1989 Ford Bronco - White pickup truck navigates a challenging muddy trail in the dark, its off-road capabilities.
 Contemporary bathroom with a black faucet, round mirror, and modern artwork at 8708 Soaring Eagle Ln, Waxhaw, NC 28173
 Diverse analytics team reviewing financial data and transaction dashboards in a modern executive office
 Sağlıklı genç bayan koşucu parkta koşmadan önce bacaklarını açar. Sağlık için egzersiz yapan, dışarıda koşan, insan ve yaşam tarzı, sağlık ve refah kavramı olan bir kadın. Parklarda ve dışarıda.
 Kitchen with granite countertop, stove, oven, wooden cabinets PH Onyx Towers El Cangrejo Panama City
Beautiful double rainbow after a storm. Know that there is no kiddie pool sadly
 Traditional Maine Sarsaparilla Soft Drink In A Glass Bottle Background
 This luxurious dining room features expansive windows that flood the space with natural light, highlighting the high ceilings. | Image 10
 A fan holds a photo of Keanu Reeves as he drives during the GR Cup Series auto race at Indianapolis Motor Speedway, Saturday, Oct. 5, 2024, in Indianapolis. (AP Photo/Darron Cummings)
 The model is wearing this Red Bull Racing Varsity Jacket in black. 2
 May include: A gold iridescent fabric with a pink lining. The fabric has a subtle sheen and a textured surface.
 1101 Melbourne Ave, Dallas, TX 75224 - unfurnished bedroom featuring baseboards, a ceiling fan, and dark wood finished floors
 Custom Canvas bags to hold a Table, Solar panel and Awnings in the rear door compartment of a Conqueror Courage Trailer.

Goal of the exercise →
Which lines of the material above hold the string "that"? Pull them out.

Your response →
Beautiful double rainbow after a storm. Know that there is no kiddie pool sadly
 This luxurious dining room features expansive windows that flood the space with natural light, highlighting the high ceilings. | Image 10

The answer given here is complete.